* **EXERCISE**: Repeat the material below exactly, line for line.

* **DATA SEGMENT**:
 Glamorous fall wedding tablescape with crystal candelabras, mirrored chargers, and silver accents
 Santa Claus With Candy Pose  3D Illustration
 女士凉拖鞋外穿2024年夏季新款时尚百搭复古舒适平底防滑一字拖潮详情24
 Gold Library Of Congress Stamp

* **RESULT BELOW**:
 Glamorous fall wedding tablescape with crystal candelabras, mirrored chargers, and silver accents
 Santa Claus With Candy Pose  3D Illustration
 女士凉拖鞋外穿2024年夏季新款时尚百搭复古舒适平底防滑一字拖潮详情24
 Gold Library Of Congress Stamp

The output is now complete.